Model Comparisons
Model Comparison
This section of multiple regression is going to explore model comparison, to guide the selection of the best fitting model from a set of competing models.
library(tidyverse)
## ── Attaching packages ─────────────────────────────────────── tidyverse 1.3.2 ──
## ✔ ggplot2 3.3.6 ✔ purrr 0.3.4
## ✔ tibble 3.1.8 ✔ dplyr 1.0.10
## ✔ tidyr 1.2.1 ✔ stringr 1.4.1
## ✔ readr 2.1.2 ✔ forcats 0.5.2
## ── Conflicts ────────────────────────────────────────── tidyverse_conflicts() ──
## ✖ dplyr::filter() masks stats::filter()

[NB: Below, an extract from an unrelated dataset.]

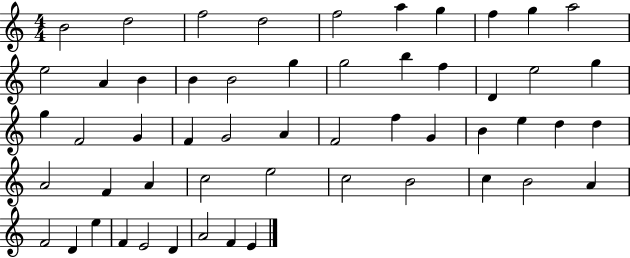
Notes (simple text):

B4/h D5/h F5/h D5/h F5/h A5/q G5/q F5/q G5/q A5/h E5/h A4/q B4/q B4/q B4/h G5/q G5/h B5/q F5/q D4/q E5/h G5/q G5/q F4/h G4/q F4/q G4/h A4/q F4/h F5/q G4/q B4/q E5/q D5/q D5/q A4/h F4/q A4/q C5/h E5/h C5/h B4/h C5/q B4/h A4/q F4/h D4/q E5/q F4/q E4/h D4/q A4/h F4/q E4/q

## ✖ dplyr::lag() masks stats::lag()
library(ggformula)
## Loading required package: ggstance
##
## Attaching package: 'ggstance'
##
## The following objects are masked from 'package:ggplot2':
##
## geom_errorbarh, GeomErrorbarh
##
## Loading required package: scales
##
## Attaching package: 'scales'
##
## The following object is masked from 'package:purrr':
##
## discard
##
## The following object is masked from 'package:readr':
##
## col_factor
##
## Loading required package: ggridges
##
## New to ggformula? Try the tutorials:
## learnr::run_tutorial("introduction", package = "ggformula")
## learnr::run_tutorial("refining", package = "ggformula")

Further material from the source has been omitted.